# net-misc/networkmanager-0.9.6.4: no wireless at all.[SOLVED]

## alexcortes

Hello,

I turn on my laptop today and networkmananger doesn't find any wireless network.

The module - rt2800pci - is loaded, lspci shows my card, ifconfig wlan0 also seems ok. I re-emerged the networkmanager but nothing changed.

Recompiling kernel  now.   :Confused: 

Thanks!!!

EDIT: wired is ok, I using now.Last edited by alexcortes on Sat Nov 24, 2012 8:00 pm; edited 1 time in total

----------

## alexcortes

WICD also doesnt find any wireless network.

*I'm on KDE.

----------

## Bobbycar

Same problem here. I can exclude any kernel-update related reasons.
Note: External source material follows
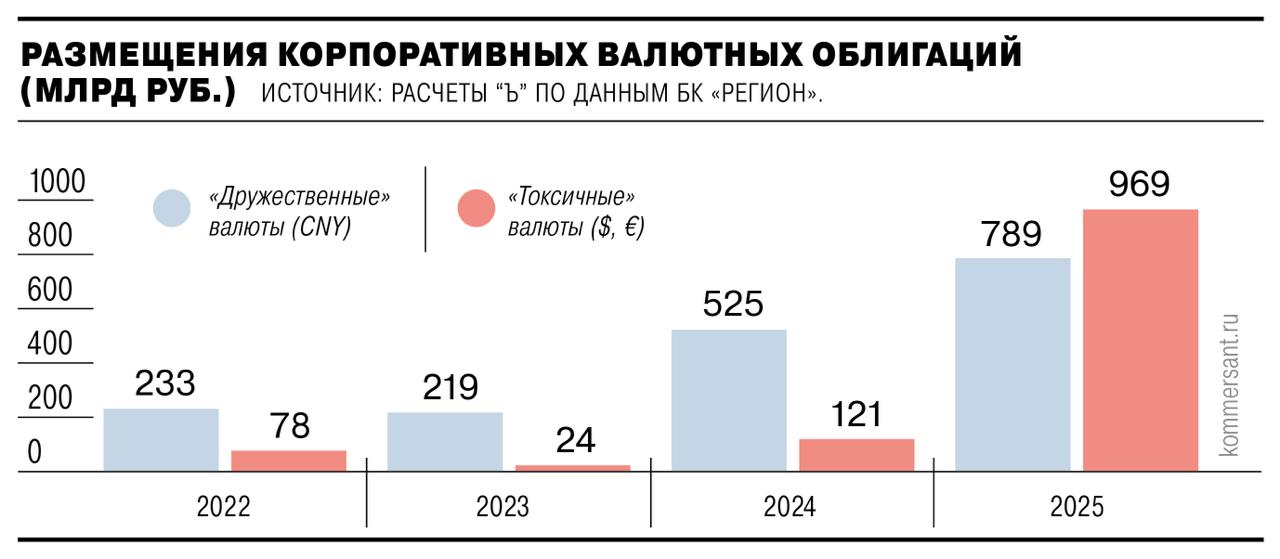 Долги набирают обороты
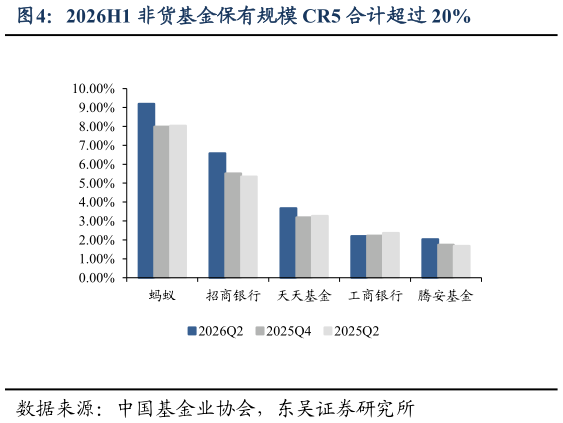 如何解释2026H1 非货基金保有规模 CR5 合计超过 20%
Bisecting reemerged packages since last reboot.

----------

## Bobbycar

https://bugs.gentoo.org/show_bug.cgi?id=444542

Downgrade dev-libs/libnl to 3.2.14

----------

## alexcortes

 *Bobbycar wrote:*   

> https://bugs.gentoo.org/show_bug.cgi?id=444542
> 
> Downgrade dev-libs/libnl to 3.2.14

 

Thank you Bobbycar,

Solved here.   :Very Happy: 

----------